Set in and around post-war Toronto, I Am Not Guilty first appeared in a condensed form in the February 1954 Ladies' Home Journal. That same year, it was published in full by Doubleday as M'Lord, I Am Not Guilty. This Ricochet Books edition marks the first new edition since 1967.

Helen Graham has been acquitted in the murder of her wealthy husband, Alberta oil baron Steven Graham, but the eyes of the public continue to view her with suspicion. Worried for her future, and that of her young son, she sets out to find the true killer. The trail leads to the apartment of another woman-and revelations about her dead husband's secret life-then continues to a growing bedroom community in suburban Toronto. What the widow doesn't realize is that she is not alone in her pursuit of the murderer or how ready that murderer is to kill again.

About the authors

Frances Shelley Wees (née Johnson) was born in 1902 in Gresham, Oregon. She lived most of her life in Canada, where she enjoyed a literary career spanning nearly five decades.
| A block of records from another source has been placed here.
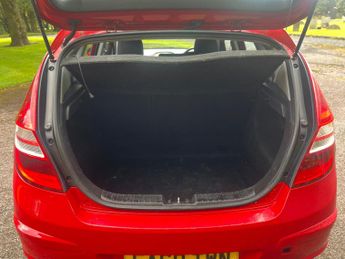 Hyundai i30 1.6 CRDi Comfort Euro 4 5dr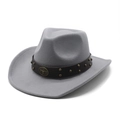 Dettaglio cappello da cowboy grigio con fascia in pelle marrone e stemma di toro - M (56-58cm) / Grigio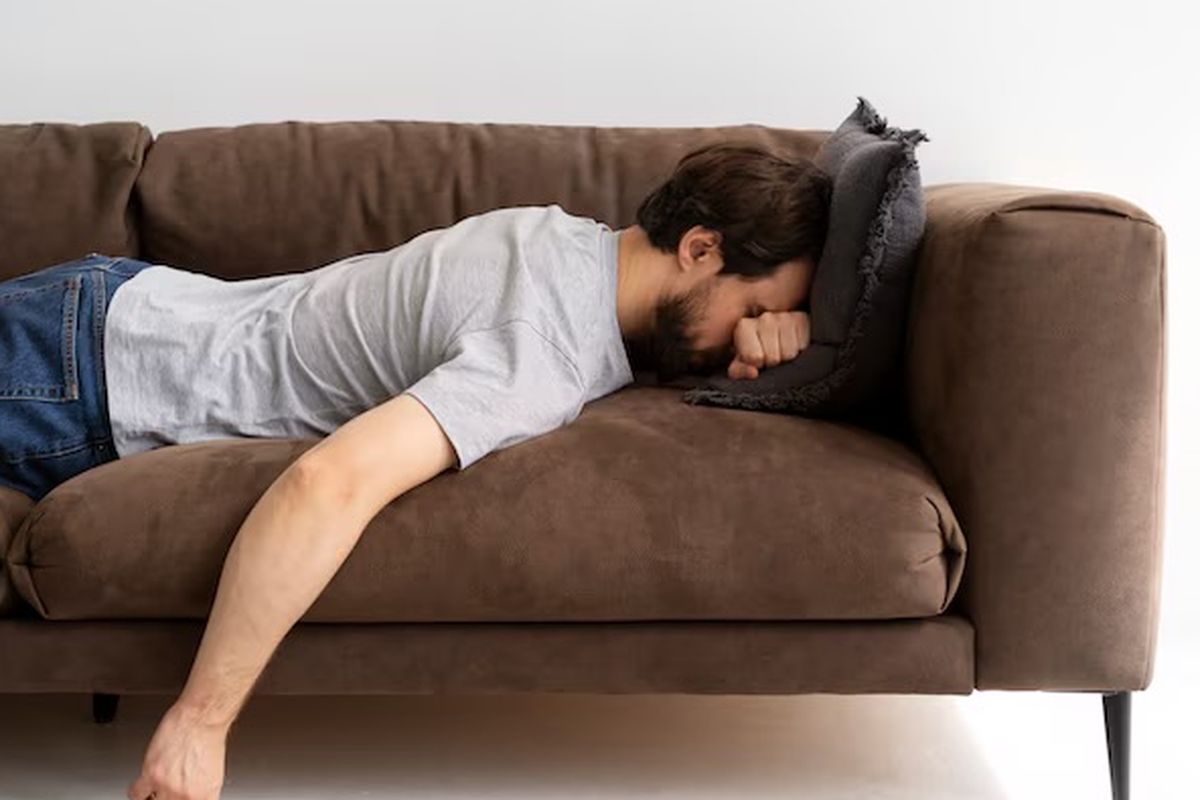 tidur tengkurap bisa meredakan ngorok, namun juga menimbulkan sejumlah risiko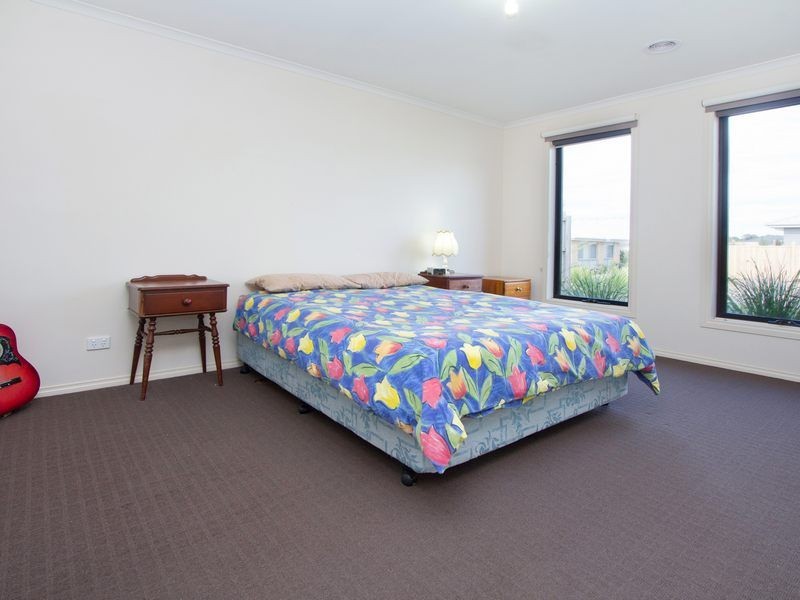 27 Orchard Grove, Tyabb VIC 3913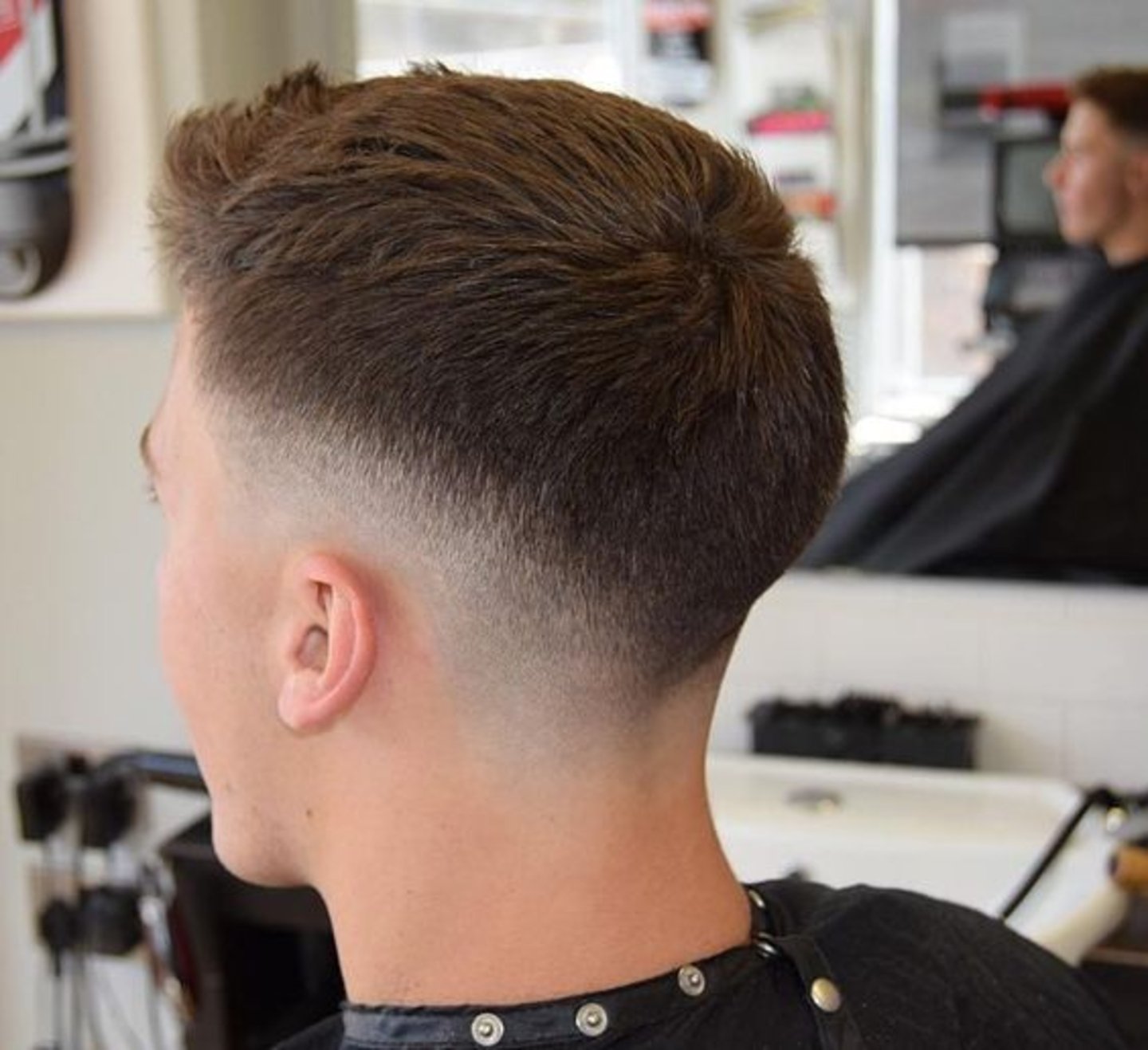 La última tendencia para hombres: corte de pelo en pico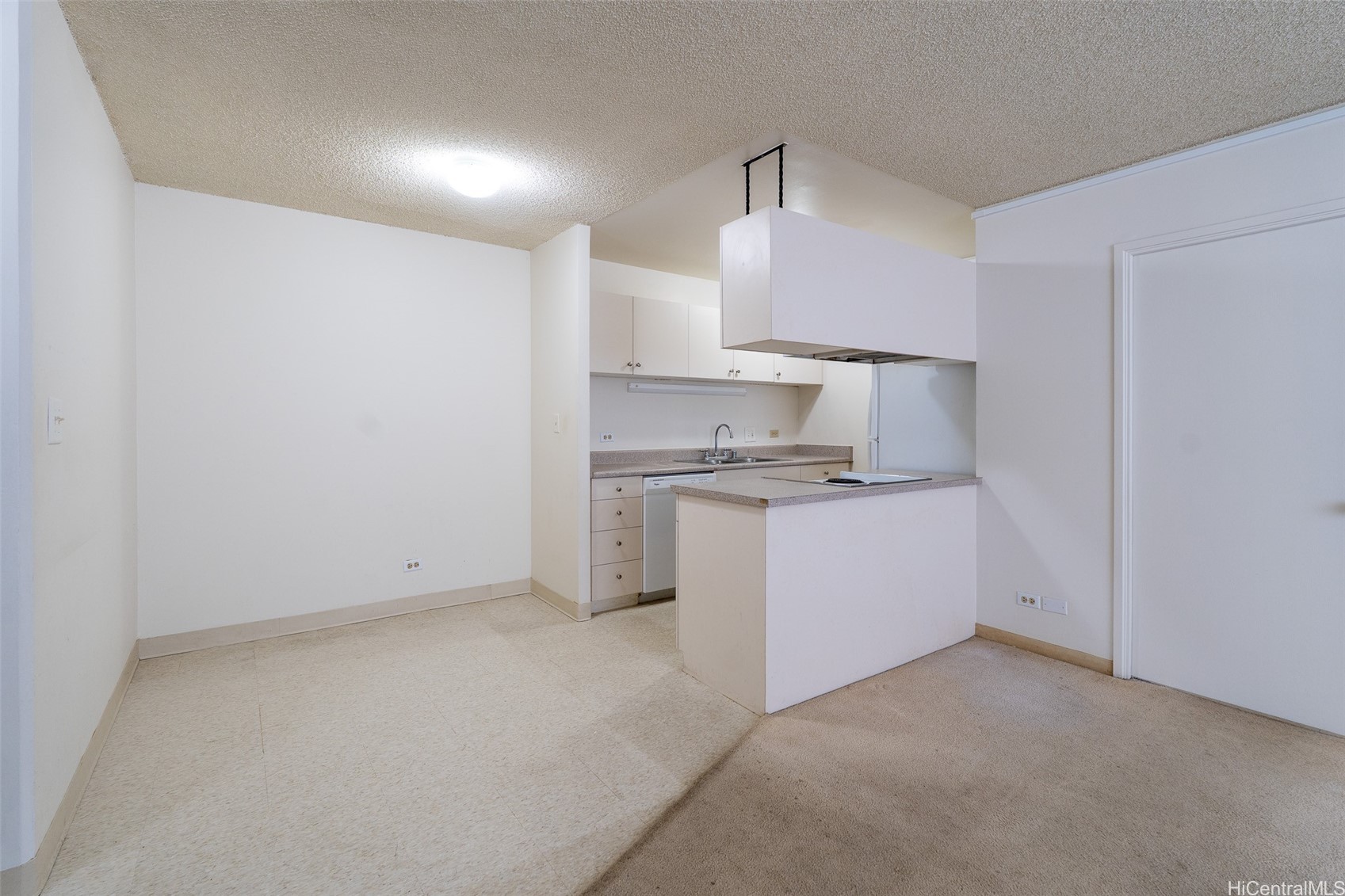 3045 Ala Napuaa Place 709 Property Photo 5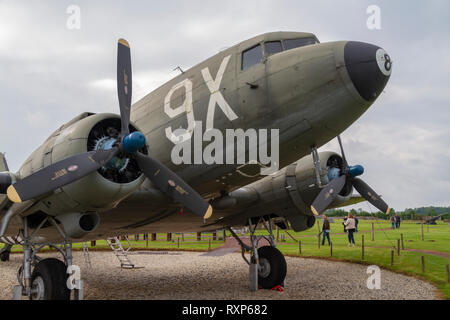 Le 'SNAFU Special', un Dakota C47, utilisé dans les débarquements du Jour J à la Batterie de Merville, Normandie. Banque D'Images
A writer of mysteries and romances, she published over twenty novels, including The Maestro Murders (1931), Lost House (1938), Under the Quiet Water (1949), This Necessary Murder (1957), The Faceless Enemy (1966), and The Last Concubine (1970). Her 1956 mystery, The Keys of My Prison, has been reissued by Ricochet Books. Frances Shelley Wees died in 1982.

Frances Wees' profile page

Patricia Abbott is the author of the mystery novels Concrete Angel (2015) and the Edgar Award-nominated Shot in Detroit (2016). Her collection I Bring Sorrow and Other Stories was published in 2018.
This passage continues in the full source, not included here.